In 1985, one patient treated with HGH from cadavers died from what’s called iatrogenic CJD. Evidently, some of the HGH that patient received came from a person who had prion disease. Although treatments using human-derived growth hormone stopped more than 30 years ago, Collinge still sees patients who develop iatrogenic CJD.
In reviewing autopsy materials of patients who died long ago from iatrogenic CJD, Collinge found evidence of Alzheimer’s disease. Although the patients didn’t have Alzheimer’s symptoms, he worried that the “seeds” of harmful proteins associated with the disease could be transmitted during medical procedures involving human tissue, particularly tissue from the central nervous system.
Collinge found some of the HGH the children received in a medical archive and confirmed the hormone had Alzheimer’s proteins. Then, his lab injected the hormone into mice. Sure enough, there was “unequivocal evidence of seeding.”
There’s no risk of catching Alzheimer’s from a person with the condition—“the concern relates only to inoculation by medical procedures,” he clarified.
Doctors must continue epidemiological research to determine whether or not there’s a link between surgical procedures and Alzheimer’s disease. Until then, he advised physicians to consider the risks of transmission and sterilize or destroy contaminated surgical instruments.

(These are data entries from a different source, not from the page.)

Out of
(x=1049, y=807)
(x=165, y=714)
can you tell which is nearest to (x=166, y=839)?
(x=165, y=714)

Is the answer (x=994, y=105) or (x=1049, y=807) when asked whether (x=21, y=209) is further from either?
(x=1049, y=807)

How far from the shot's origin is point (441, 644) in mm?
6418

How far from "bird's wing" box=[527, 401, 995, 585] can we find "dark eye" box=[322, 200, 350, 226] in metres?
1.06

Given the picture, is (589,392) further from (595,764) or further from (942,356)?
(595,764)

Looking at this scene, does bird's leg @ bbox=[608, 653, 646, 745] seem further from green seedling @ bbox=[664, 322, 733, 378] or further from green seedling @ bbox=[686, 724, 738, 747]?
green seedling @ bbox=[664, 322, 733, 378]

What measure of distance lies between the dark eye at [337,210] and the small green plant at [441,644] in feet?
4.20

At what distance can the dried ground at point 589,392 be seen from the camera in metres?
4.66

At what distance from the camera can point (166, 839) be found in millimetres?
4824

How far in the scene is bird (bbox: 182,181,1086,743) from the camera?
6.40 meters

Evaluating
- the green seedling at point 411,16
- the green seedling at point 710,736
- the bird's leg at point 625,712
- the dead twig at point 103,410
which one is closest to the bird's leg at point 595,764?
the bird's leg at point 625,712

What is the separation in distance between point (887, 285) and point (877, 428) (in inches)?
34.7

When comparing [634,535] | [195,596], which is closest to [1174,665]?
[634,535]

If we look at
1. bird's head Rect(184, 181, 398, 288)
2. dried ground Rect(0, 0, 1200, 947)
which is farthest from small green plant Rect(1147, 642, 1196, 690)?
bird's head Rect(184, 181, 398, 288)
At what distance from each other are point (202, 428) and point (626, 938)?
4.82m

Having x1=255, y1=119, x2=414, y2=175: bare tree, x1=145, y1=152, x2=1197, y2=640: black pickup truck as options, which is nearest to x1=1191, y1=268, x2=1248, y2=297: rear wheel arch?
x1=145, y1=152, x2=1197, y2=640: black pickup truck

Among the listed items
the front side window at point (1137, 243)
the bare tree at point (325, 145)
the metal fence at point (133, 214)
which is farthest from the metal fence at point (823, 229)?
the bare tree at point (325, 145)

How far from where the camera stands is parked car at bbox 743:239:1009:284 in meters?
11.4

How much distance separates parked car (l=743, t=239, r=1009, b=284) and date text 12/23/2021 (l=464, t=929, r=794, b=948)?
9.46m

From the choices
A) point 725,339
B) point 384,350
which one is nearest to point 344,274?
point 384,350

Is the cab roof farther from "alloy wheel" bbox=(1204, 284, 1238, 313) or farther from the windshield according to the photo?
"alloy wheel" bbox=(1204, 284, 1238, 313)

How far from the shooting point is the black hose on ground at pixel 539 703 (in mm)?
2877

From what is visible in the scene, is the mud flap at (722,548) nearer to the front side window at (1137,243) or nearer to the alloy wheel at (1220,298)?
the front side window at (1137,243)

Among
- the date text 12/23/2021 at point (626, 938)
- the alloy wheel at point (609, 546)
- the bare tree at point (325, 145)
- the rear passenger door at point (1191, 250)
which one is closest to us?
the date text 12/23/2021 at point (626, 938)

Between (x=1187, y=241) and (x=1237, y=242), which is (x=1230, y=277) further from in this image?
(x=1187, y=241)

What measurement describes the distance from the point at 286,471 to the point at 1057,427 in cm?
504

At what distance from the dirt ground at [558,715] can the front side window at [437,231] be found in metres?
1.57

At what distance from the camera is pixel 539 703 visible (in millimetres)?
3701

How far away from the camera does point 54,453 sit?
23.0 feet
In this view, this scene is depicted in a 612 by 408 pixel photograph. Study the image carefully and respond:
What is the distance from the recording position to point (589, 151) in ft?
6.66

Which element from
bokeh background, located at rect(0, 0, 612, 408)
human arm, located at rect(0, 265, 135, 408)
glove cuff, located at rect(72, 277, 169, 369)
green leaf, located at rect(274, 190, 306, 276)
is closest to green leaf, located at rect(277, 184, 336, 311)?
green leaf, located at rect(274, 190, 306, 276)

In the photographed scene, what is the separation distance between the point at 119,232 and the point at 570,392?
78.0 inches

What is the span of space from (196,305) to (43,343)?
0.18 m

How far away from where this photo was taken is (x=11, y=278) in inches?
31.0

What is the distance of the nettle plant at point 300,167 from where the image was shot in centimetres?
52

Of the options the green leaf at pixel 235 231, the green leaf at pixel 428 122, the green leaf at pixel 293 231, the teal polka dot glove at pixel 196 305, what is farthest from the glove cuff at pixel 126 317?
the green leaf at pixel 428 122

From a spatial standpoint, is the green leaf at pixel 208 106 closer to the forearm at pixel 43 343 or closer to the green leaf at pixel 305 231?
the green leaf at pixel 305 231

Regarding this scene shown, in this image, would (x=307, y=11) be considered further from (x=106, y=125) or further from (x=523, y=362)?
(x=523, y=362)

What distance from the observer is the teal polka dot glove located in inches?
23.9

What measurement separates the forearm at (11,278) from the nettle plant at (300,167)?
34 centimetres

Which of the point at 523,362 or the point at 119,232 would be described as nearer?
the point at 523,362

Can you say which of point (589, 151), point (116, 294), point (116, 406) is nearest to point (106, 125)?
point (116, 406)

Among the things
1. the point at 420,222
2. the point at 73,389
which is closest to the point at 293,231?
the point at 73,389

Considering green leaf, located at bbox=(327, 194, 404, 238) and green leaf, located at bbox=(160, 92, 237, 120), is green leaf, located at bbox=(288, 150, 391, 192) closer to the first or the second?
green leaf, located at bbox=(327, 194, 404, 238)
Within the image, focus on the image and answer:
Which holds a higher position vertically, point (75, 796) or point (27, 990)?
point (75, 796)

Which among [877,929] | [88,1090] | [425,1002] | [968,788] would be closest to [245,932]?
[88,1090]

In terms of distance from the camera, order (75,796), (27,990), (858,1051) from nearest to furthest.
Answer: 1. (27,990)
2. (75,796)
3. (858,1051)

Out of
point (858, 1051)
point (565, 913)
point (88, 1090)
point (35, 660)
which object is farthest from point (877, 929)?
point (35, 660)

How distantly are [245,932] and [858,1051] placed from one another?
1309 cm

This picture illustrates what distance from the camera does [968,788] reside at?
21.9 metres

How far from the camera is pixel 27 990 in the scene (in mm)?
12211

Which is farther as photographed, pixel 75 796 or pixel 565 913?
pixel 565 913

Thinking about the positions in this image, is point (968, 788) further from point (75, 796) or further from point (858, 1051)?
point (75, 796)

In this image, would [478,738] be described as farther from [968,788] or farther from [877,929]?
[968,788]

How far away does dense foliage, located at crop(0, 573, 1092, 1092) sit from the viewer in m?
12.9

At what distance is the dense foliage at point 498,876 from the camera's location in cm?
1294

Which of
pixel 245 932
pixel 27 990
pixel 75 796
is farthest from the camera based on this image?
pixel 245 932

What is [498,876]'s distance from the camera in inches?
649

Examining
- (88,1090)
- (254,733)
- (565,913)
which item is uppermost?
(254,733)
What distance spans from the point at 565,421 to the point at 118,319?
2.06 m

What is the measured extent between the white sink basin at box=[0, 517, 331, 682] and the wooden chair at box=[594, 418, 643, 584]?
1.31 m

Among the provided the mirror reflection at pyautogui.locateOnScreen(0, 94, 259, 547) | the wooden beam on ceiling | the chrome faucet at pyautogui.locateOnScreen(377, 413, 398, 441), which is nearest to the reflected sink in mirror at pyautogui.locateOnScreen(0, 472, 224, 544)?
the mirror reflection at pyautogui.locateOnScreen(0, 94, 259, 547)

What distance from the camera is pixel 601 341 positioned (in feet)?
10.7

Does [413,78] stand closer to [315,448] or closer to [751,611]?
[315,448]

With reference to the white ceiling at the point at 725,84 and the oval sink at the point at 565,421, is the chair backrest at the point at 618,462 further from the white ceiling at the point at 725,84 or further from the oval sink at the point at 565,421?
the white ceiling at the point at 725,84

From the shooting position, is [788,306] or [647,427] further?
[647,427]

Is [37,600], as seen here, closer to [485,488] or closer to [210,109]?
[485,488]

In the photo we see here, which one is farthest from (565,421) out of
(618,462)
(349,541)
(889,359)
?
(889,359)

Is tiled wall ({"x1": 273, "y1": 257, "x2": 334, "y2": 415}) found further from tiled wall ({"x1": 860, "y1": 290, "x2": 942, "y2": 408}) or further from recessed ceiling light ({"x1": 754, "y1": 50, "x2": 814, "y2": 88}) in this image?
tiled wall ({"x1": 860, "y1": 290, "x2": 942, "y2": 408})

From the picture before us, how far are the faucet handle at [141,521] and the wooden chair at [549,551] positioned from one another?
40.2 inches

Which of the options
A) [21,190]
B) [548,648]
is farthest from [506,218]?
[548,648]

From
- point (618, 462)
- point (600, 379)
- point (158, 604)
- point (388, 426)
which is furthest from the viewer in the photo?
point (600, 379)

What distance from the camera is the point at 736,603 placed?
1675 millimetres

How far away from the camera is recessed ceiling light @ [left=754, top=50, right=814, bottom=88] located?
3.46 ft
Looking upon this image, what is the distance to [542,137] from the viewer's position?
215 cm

Recently, Collinge and his lab began offering an experimental monoclonal antibody called PRN100 to patients with sporadic CJD. Mouse studies of PRN100 have been promising. Results have shown the antibody prevents abnormal proteins from attaching themselves to normal proteins and spreading. It’s too soon to say whether the drug will eventually be effective treating prion diseases in humans.
“It’s early yet, but I’m relieved we’ve gotten underway to test this drug in patients with this awful disease,” Collinge said.